A diamond found in Brazil had led scientists to announce that an ocean's worth of water could possibility be located beneath the planet Earth's crust.

The battered diamond that survived a trip from hell has been called ringwoodite. It was found that 1.5 per cent of its weight is made up of water. Ringwoodite only forms under extreme pressure, such as the crushing load about 320 miles deep in the mantle. It was actually the first time the mineral has been found in the Earth's surface.

"This sample really provides extremely strong confirmation that there are local wet spots deep in the Earth in this area," Graham Pearson, Canada Excellence Research chair in Arctic Resources at the University of Alberta, said.

"That particular zone in the Earth, the transition zone, might have as much water as all the world's oceans put together."

Artisan miners unearthed the host diamond from shallow river gravels in the Juina area of Mato Grosso, Brazil in 2008. A volcanic rock known as kimberlite, known as the most deeply derived of all volcanic rocks, had brought the diamond to the Earth's surface.
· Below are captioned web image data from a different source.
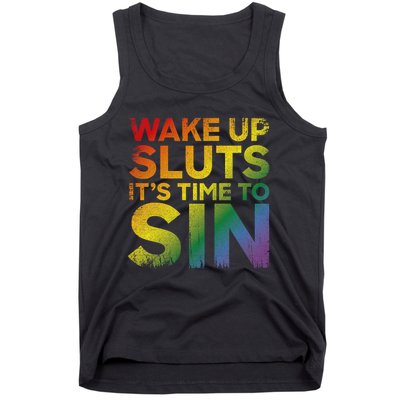 Funny Pride Adult Wake Up Sluts ItS Time To Sin Lgbtq Tank Top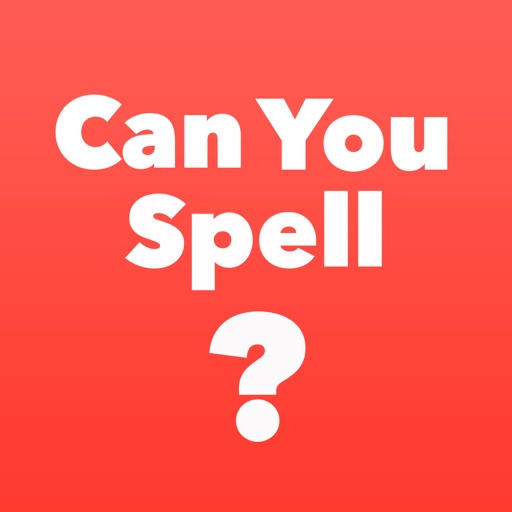 Can You Spell It? iOS App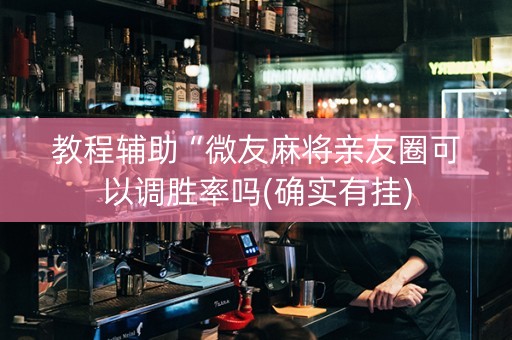 教程辅助“微友麻将亲友圈可以调胜率吗(确实有挂)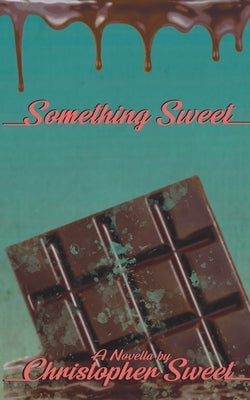 Something Sweet by Sweet, Christopher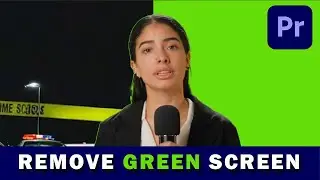 How to Remove Green Screen Video in Adobe Premiere Pro ✅
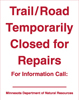 8.06.18  Trail/Road Temporarily Closed for Repairs ...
Pearson said the discovery was accidental. His team had been looking for another mineral when they paid about $20 for a 3 millimeter-wide, dirty-looking brown diamond.

He added ringwoodite itself is invisible to the naked eye, buried beneath the surface.

The discovery suggested there could be a sizable water stored in the mantle transition zone, which stretches from 254 miles to 410 miles deep.

"It translates into a very, very large mass of water, approaching the sort of mass of water that's present in all the world's ocean," Pearson told Live Science's Our Amazing Planet.